» Work instruction: The exercise calls for every entry that follows to be repeated exactly.
══ Provided data
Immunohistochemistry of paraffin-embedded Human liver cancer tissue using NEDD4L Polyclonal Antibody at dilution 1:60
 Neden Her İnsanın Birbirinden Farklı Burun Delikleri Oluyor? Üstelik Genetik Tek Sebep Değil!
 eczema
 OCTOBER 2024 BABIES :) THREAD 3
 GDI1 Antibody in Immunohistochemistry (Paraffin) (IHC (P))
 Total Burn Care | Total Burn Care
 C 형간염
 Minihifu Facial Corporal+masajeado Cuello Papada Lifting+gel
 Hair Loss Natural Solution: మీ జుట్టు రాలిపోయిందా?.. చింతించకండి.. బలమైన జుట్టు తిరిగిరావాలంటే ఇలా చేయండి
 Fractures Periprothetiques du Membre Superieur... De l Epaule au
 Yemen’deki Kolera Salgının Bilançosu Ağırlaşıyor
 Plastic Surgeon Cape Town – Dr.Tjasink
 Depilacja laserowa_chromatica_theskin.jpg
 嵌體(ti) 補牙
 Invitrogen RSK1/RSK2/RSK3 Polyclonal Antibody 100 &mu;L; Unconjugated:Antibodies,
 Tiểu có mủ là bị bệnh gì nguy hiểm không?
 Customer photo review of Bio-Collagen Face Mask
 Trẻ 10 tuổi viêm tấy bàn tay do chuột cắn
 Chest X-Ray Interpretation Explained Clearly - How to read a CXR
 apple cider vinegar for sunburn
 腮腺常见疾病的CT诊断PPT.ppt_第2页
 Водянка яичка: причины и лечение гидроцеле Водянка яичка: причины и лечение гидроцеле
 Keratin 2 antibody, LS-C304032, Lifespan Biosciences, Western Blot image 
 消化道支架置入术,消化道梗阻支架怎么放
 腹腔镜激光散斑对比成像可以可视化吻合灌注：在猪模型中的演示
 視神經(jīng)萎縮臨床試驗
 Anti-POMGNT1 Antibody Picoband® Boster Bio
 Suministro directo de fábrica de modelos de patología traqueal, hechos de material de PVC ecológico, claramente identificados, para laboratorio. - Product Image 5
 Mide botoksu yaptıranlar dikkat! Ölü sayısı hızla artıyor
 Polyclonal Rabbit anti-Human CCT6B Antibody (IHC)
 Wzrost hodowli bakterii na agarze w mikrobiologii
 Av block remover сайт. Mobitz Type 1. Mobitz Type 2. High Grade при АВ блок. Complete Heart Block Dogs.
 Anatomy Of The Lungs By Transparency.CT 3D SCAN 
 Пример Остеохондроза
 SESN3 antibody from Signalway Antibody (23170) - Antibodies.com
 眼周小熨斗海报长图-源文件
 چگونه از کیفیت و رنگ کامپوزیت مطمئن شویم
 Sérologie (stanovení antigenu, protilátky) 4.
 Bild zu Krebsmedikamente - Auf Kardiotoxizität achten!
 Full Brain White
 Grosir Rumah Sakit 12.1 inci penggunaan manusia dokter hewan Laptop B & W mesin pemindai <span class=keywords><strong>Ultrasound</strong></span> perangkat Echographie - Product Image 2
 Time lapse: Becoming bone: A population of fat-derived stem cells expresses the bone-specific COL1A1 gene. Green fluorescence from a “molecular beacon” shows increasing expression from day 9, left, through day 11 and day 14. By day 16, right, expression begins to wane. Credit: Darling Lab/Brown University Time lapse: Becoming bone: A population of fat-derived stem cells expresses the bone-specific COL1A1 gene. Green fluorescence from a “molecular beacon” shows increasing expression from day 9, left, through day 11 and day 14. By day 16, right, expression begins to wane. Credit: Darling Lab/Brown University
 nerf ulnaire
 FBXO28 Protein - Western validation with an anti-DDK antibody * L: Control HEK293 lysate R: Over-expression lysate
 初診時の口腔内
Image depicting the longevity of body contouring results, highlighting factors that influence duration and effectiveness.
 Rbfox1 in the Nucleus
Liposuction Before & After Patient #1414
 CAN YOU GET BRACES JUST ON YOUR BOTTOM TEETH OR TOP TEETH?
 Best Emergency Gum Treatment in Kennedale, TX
════
» Reply:
Immunohistochemistry of paraffin-embedded Human liver cancer tissue using NEDD4L Polyclonal Antibody at dilution 1:60
 Neden Her İnsanın Birbirinden Farklı Burun Delikleri Oluyor? Üstelik Genetik Tek Sebep Değil!
 eczema
 OCTOBER 2024 BABIES :) THREAD 3
 GDI1 Antibody in Immunohistochemistry (Paraffin) (IHC (P))
 Total Burn Care | Total Burn Care
 C 형간염
 Minihifu Facial Corporal+masajeado Cuello Papada Lifting+gel
 Hair Loss Natural Solution: మీ జుట్టు రాలిపోయిందా?.. చింతించకండి.. బలమైన జుట్టు తిరిగిరావాలంటే ఇలా చేయండి
 Fractures Periprothetiques du Membre Superieur... De l Epaule au
 Yemen’deki Kolera Salgının Bilançosu Ağırlaşıyor
 Plastic Surgeon Cape Town – Dr.Tjasink
 Depilacja laserowa_chromatica_theskin.jpg
 嵌體(ti) 補牙
 Invitrogen RSK1/RSK2/RSK3 Polyclonal Antibody 100 &mu;L; Unconjugated:Antibodies,
 Tiểu có mủ là bị bệnh gì nguy hiểm không?
 Customer photo review of Bio-Collagen Face Mask
 Trẻ 10 tuổi viêm tấy bàn tay do chuột cắn
 Chest X-Ray Interpretation Explained Clearly - How to read a CXR
 apple cider vinegar for sunburn
 腮腺常见疾病的CT诊断PPT.ppt_第2页
 Водянка яичка: причины и лечение гидроцеле Водянка яичка: причины и лечение гидроцеле
 Keratin 2 antibody, LS-C304032, Lifespan Biosciences, Western Blot image 
 消化道支架置入术,消化道梗阻支架怎么放
 腹腔镜激光散斑对比成像可以可视化吻合灌注：在猪模型中的演示
 視神經(jīng)萎縮臨床試驗
 Anti-POMGNT1 Antibody Picoband® Boster Bio
 Suministro directo de fábrica de modelos de patología traqueal, hechos de material de PVC ecológico, claramente identificados, para laboratorio. - Product Image 5
 Mide botoksu yaptıranlar dikkat! Ölü sayısı hızla artıyor
 Polyclonal Rabbit anti-Human CCT6B Antibody (IHC)
 Wzrost hodowli bakterii na agarze w mikrobiologii
 Av block remover сайт. Mobitz Type 1. Mobitz Type 2. High Grade при АВ блок. Complete Heart Block Dogs.
 Anatomy Of The Lungs By Transparency.CT 3D SCAN 
 Пример Остеохондроза
 SESN3 antibody from Signalway Antibody (23170) - Antibodies.com
 眼周小熨斗海报长图-源文件
 چگونه از کیفیت و رنگ کامپوزیت مطمئن شویم
 Sérologie (stanovení antigenu, protilátky) 4.
 Bild zu Krebsmedikamente - Auf Kardiotoxizität achten!
 Full Brain White
 Grosir Rumah Sakit 12.1 inci penggunaan manusia dokter hewan Laptop B & W mesin pemindai <span class=keywords><strong>Ultrasound</strong></span> perangkat Echographie - Product Image 2
 Time lapse: Becoming bone: A population of fat-derived stem cells expresses the bone-specific COL1A1 gene. Green fluorescence from a “molecular beacon” shows increasing expression from day 9, left, through day 11 and day 14. By day 16, right, expression begins to wane. Credit: Darling Lab/Brown University Time lapse: Becoming bone: A population of fat-derived stem cells expresses the bone-specific COL1A1 gene. Green fluorescence from a “molecular beacon” shows increasing expression from day 9, left, through day 11 and day 14. By day 16, right, expression begins to wane. Credit: Darling Lab/Brown University
 nerf ulnaire
 FBXO28 Protein - Western validation with an anti-DDK antibody * L: Control HEK293 lysate R: Over-expression lysate
 初診時の口腔内
Image depicting the longevity of body contouring results, highlighting factors that influence duration and effectiveness.
 Rbfox1 in the Nucleus
Liposuction Before & After Patient #1414
 CAN YOU GET BRACES JUST ON YOUR BOTTOM TEETH OR TOP TEETH?
 Best Emergency Gum Treatment in Kennedale, TX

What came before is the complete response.